[Start of section]

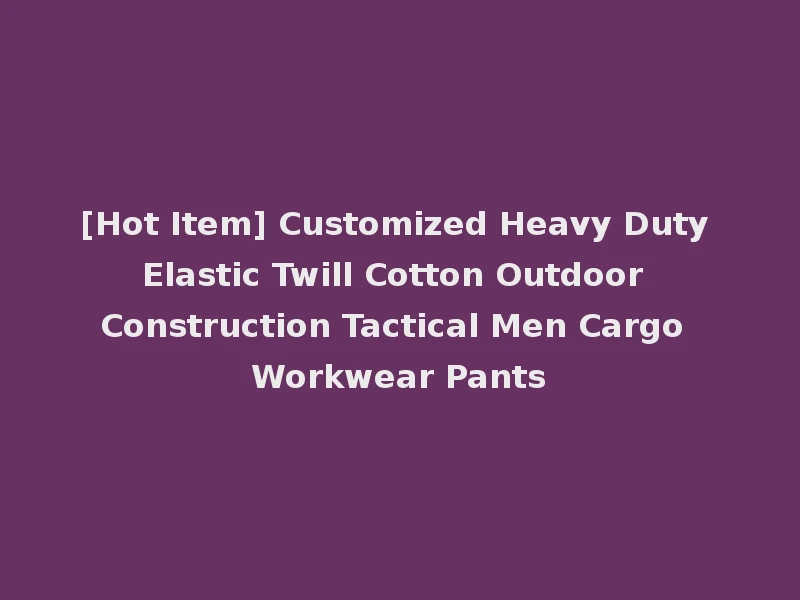 [Hot Item] Customized Heavy Duty Elastic Twill Cotton Outdoor Construction Tactical Men Cargo Workwear Pants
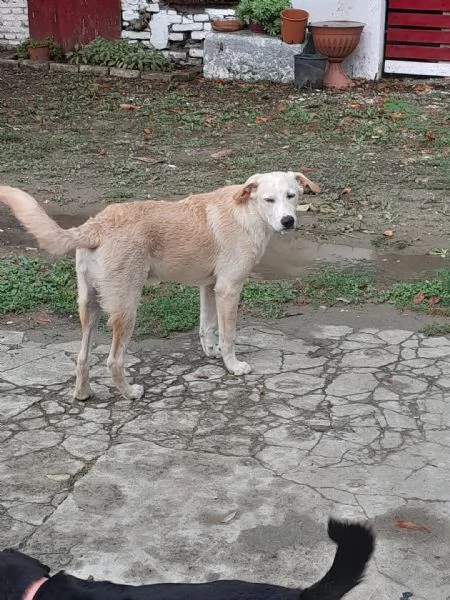 Regalo cucciolo  | Foto 1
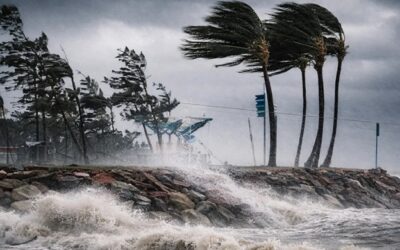 সন্ধ্যার মধ্যে দেশের ৭ জেলায় ঝড়ো হাওয়া ও বজ্রবৃষ্টির শঙ্কা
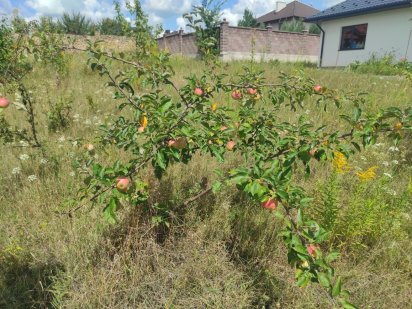 Земельна ділянка. Луцьке кільце. 10 соток Обаров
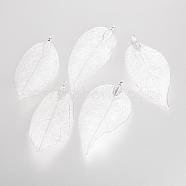 Electroplated Natural Leaf Big Pendants, with Iron Findings, Silver Plated, 70~100x30~50x1mm, Hole: 3x6mm(IFIN-Q119-01A)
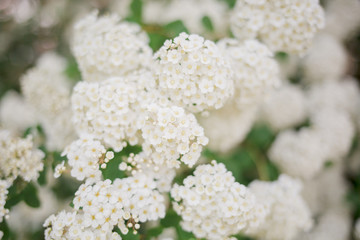 close up of white flower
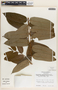 Phyllanthus juglandifolius image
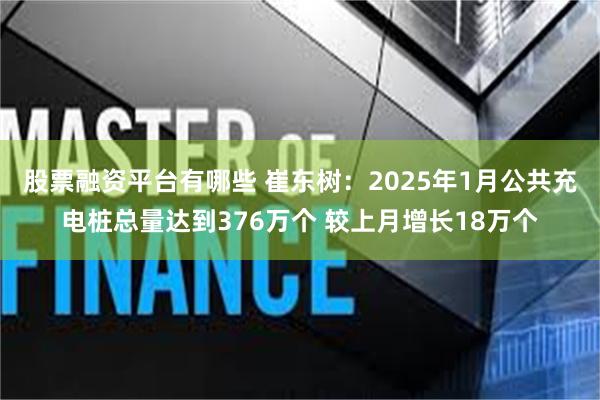 股票融资平台有哪些 崔东树：2025年1月公共充电桩总量达到376万个 较上月增长18万个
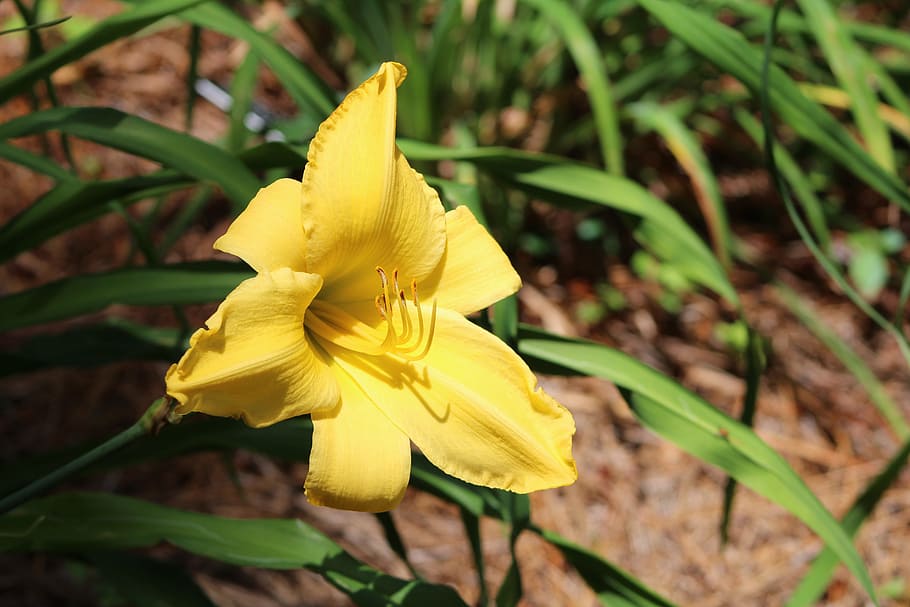 flowers, bright, yellow, flowering plant, vulnerability, fragility HD wallpaper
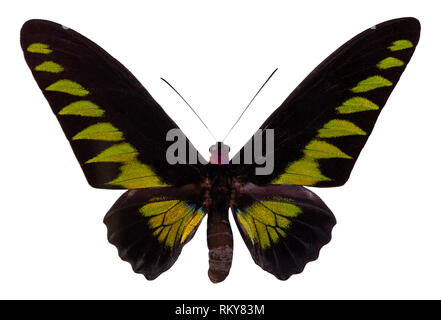 Colore butterfly, isolati su sfondo bianco. TROGONOPTERA BROOCKIANA. Foto Stock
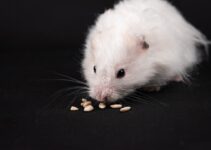 How to Use AI to Identify Toxic Foods for Pets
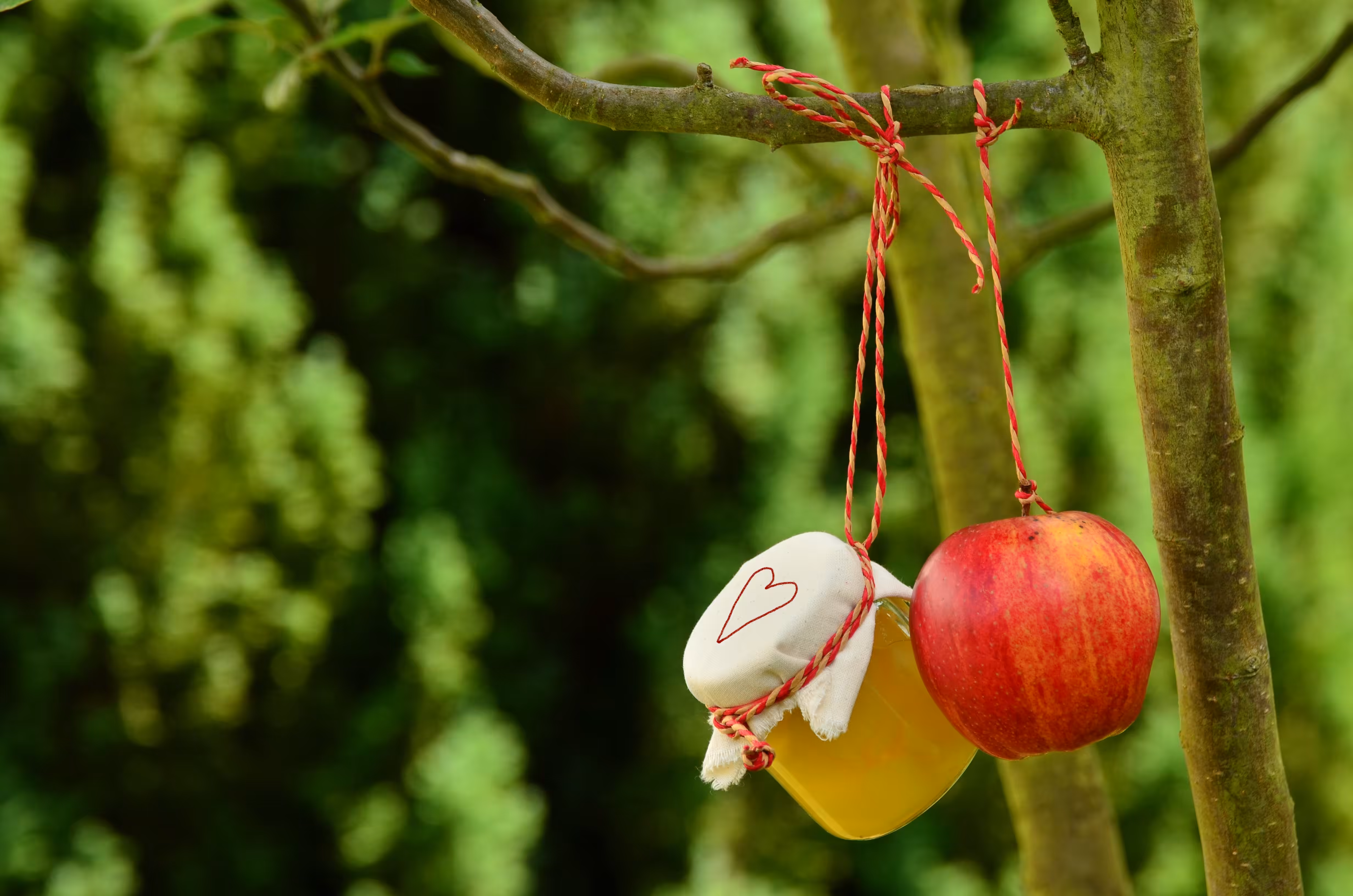 Foods You Should Never Refrigerate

[End of section]

▶ _Problem details_: Where the line containing "Земельна ділянка. Луцьке" appears, begin copying there and continue exactly through the final line of the records; both end lines belong in the copy, pictures do not.

▶ _Final answer_:
 Земельна ділянка. Луцьке кільце. 10 соток Обаров
 Electroplated Natural Leaf Big Pendants, with Iron Findings, Silver Plated, 70~100x30~50x1mm, Hole: 3x6mm(IFIN-Q119-01A)
 close up of white flower
 Phyllanthus juglandifolius image
 股票融资平台有哪些 崔东树：2025年1月公共充电桩总量达到376万个 较上月增长18万个
 flowers, bright, yellow, flowering plant, vulnerability, fragility HD wallpaper
 Colore butterfly, isolati su sfondo bianco. TROGONOPTERA BROOCKIANA. Foto Stock
 How to Use AI to Identify Toxic Foods for Pets
 Foods You Should Never Refrigerate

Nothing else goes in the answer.